===== Information provided =====
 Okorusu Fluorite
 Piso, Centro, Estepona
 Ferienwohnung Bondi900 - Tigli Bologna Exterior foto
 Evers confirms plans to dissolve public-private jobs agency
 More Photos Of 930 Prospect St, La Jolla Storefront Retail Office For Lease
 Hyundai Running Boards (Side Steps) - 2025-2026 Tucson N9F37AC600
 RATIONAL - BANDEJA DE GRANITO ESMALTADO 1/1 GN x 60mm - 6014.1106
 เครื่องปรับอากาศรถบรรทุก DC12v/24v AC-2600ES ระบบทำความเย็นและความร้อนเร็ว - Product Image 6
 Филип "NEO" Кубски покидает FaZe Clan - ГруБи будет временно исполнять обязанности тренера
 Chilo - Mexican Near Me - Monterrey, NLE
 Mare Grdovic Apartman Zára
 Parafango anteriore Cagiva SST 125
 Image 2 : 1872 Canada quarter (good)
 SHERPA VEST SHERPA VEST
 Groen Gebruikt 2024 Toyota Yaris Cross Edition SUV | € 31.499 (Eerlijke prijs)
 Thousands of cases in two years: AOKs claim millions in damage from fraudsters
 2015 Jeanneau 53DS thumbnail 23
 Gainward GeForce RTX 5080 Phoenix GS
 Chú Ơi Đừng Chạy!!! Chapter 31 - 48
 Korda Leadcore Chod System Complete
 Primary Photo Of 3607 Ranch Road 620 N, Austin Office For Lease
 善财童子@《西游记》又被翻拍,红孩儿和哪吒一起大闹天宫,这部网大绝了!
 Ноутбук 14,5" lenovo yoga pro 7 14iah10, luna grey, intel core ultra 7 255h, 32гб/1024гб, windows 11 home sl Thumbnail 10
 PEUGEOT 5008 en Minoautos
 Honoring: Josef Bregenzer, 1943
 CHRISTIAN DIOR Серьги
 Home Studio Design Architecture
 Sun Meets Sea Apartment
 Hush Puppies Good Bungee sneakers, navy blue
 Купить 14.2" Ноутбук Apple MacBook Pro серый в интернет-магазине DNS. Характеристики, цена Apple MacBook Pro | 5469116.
=====
- [Assigned task]:
Starting with the line above that holds "More Photos Of" and stopping with the line that holds "Image 2 : 1872 Canada quarter (good)", reproduce each line exactly, omitting all other lines.

- [Problem solution]:
 More Photos Of 930 Prospect St, La Jolla Storefront Retail Office For Lease
 Hyundai Running Boards (Side Steps) - 2025-2026 Tucson N9F37AC600
 RATIONAL - BANDEJA DE GRANITO ESMALTADO 1/1 GN x 60mm - 6014.1106
 เครื่องปรับอากาศรถบรรทุก DC12v/24v AC-2600ES ระบบทำความเย็นและความร้อนเร็ว - Product Image 6
 Филип "NEO" Кубски покидает FaZe Clan - ГруБи будет временно исполнять обязанности тренера
 Chilo - Mexican Near Me - Monterrey, NLE
 Mare Grdovic Apartman Zára
 Parafango anteriore Cagiva SST 125
 Image 2 : 1872 Canada quarter (good)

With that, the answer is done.